So this is tricky, like Draconis said.
In a parser game, that effect comes off like this: the game interrupts the player as they’re typing a command, or thinking about typing a command. This is very intrusive. Infocom experimented with it in Border Zone, but again, it wasn’t popular.
In Twine, the effect would similar: the player is looking at the screen, thinking about what to click, when the text changes abruptly: now it describes two people walking in and starting a conversation.
This is really hard to get right. You don’t know how fast the player reads. You could wind up with a presentation where the text-on-screen changes faster than they can keep up. Or they could go to the bathroom and come back to find that everything has changed. You might say “oh, that’s realistic”, but in fact it’s probably annoying.

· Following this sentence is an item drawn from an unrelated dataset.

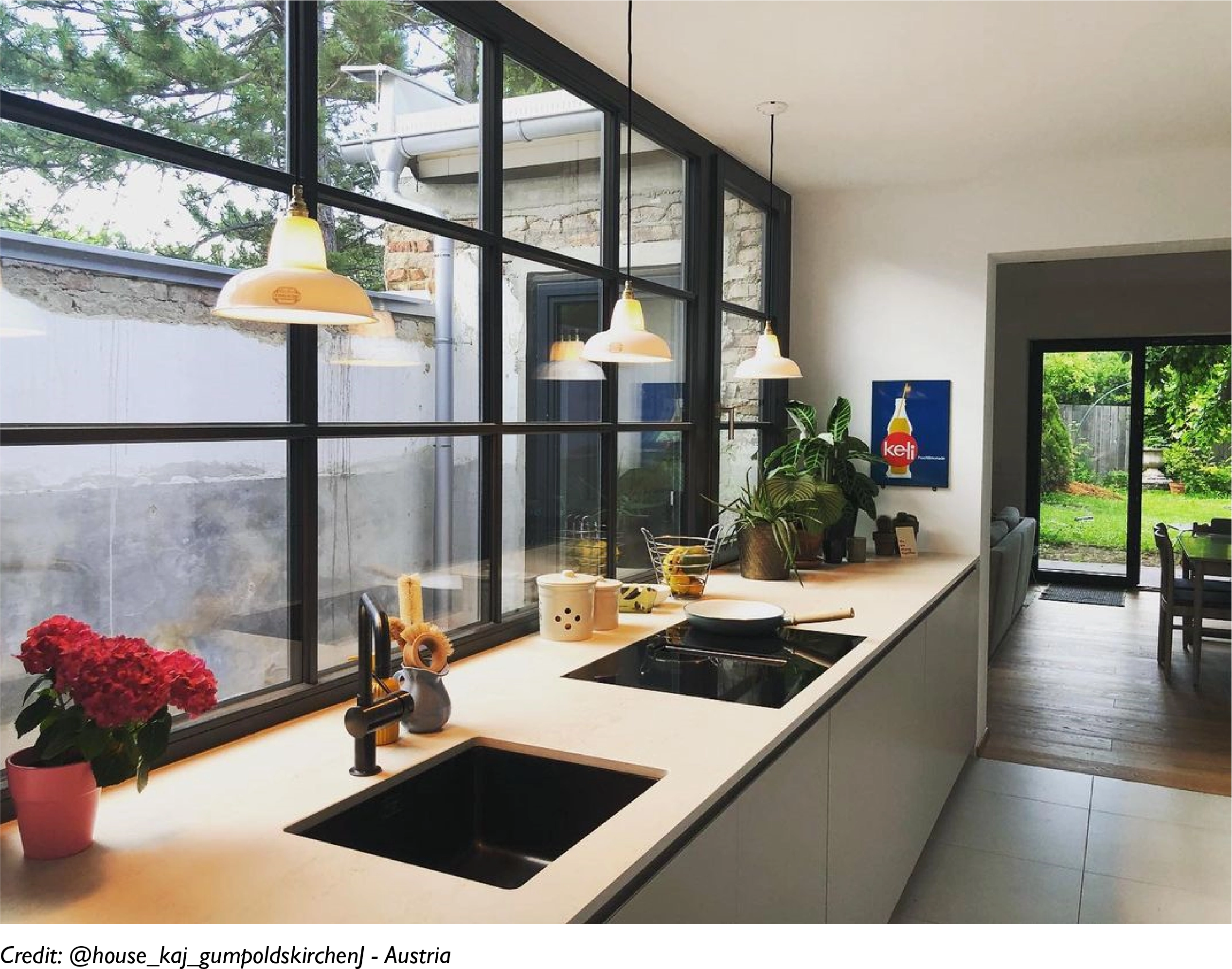 A row of 3 Silhouette Bone China lampshades hanging over a kitchen sink and a counter top in an open plan kitchen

The convention for single-player IF is that the clock advances when the player does something. So for parser games, an “event” is something that updates at the end of the current turn.
> EXAMINE BOOK
It’s a fine leather volume. You puzzle over the text, but you can’t make out what it says.
Bob walks into the room. “Oh hey, I was just looking for you…”
This is the familiar convention. Player command, command response, and then background events for the turn. Repeat every turn. (In I7, this is literally called an “every turn” rule.)
You could do something similar in Twine, but you’d have to think about setting it up, because there’s no convention of “turns”. You could invent one; certain links (representing actions) would cause a turn to pass, and append the appropriate event text.